Erdogan’s government has on occasion imposed complete bans on social media services such as Facebook, Twitter and YouTube, and he has personally filed charges against dozens of Turkish citizens for insulting him online. In a 2014 meeting with an internet freedom group, he reportedly said that he was “increasingly against the internet every day.”

So it is more than a bit ironic that the internet played such a central role in saving Erdogan’s presidency.

While the facts are still coming in, it is obvious the coup’s plotters made some mistakes, most notably by failing in their attempt to capture Erdogan at the seaside resort where he was vacationing Friday night. But they got other things right — at least according to the traditional playbook. Tanks blocked the bridges, troops assaulted the parliament and the airport, the chief of the armed forces was detained, and the plotters grabbed control of key communications media, including state broadcaster TRT and cable channel CNN Turkey.

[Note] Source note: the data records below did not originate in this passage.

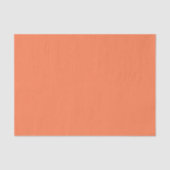 Mousseline Papier Tissu Corail (Recto)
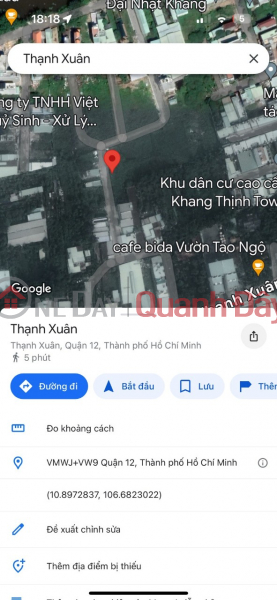 Property Search Vietnam | OneDay | Nhà ở | Niêm yết bán, cần bán đất phường thạnh xuân quận 12 .đất khu dân cư thuận tiện gia thông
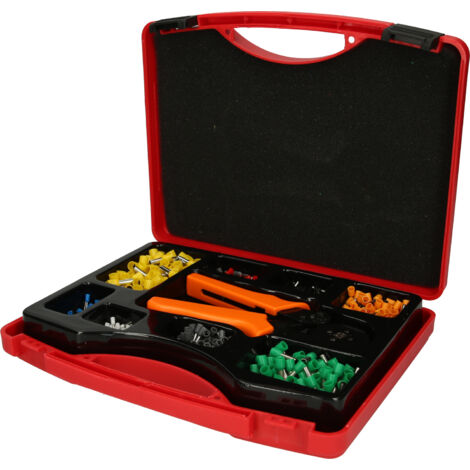 KS TOOLS Sortiment Drahtendhülse mit Crimpzange, 0,25 mm² - 6,0 mm², 1001-tlg ( 970.0840 )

Apparently, though, they forgot about the internet. Soon after the coup began, internet censorship monitors reported that traffic on Facebook, Twitter and YouTube was being blocked. And while it’s not entirely clear who was responsible — the coup plotters or the government — what is clear is that after about two hours the blocks were removed, and Turkish government officials initiated a full-scale social media campaign to call Erdogan supporters into the streets.

The campaign reportedly included a direct text message from Erdogan to every mobile phone in the country. In what may have been the turning point of the entire affair, Erdogan was able to use his iPhone to broadcast a message to the Turkish people on Facetime, demonstrating that he was still alive and fighting back.

By all accounts, the government’s online communications campaign turned the tide, bringing tens of thousands of people into the streets to confront the army and sparking scenes superficially reminiscent of Tiananmen Square.

The Turkish coup is, of course, not the first time the internet has played an important role in a high-profile political struggle. Russia is generally credited with conducting one of the first modern acts of information warfare in 2007 when it executed denial of service attacks against Estonian media outlets in a dispute over Russian war memorials, and the role of social media in sparking protests following the Russian parliamentary elections in December 2011 led Vladimir Putin to impose one of the most oppressive online censorship regimes in the world.

Many credit social media for enabling the protests that led to the Arab Spring.

However, the Erdogan government’s offensive use of social media may be the first time it has played a determinative role in saving a government from overthrow.

What’s the takeaway? In a recent report for the American Enterprise Institute, my co-authors and I pointed out that the internet is increasingly becoming a mechanism of control, both in the literal sense — it runs our financial system, communications networks and electricity grids — and the political one.

Authoritarian states like China, Iran and Russia have gone from simply censoring the web to using it to spread state propaganda both internally and externally. For example, one recent study found that the Chinese government cranks out nearly 500 million propaganda posts on social media every year, and Russia’s use of “troll houses” to post deceptive material on western news sites has become a source of east-west tension.

What last weekend shows is that the internet has now come of age as a means of directly exercising political power. By his call to action to millions of ardent supporters, President Erdogan was able, in a matter of minutes, to put an army into the streets of key Turkish cities, saving his government and quite possibly himself.

It’s a lesson that should not be lost on anyone.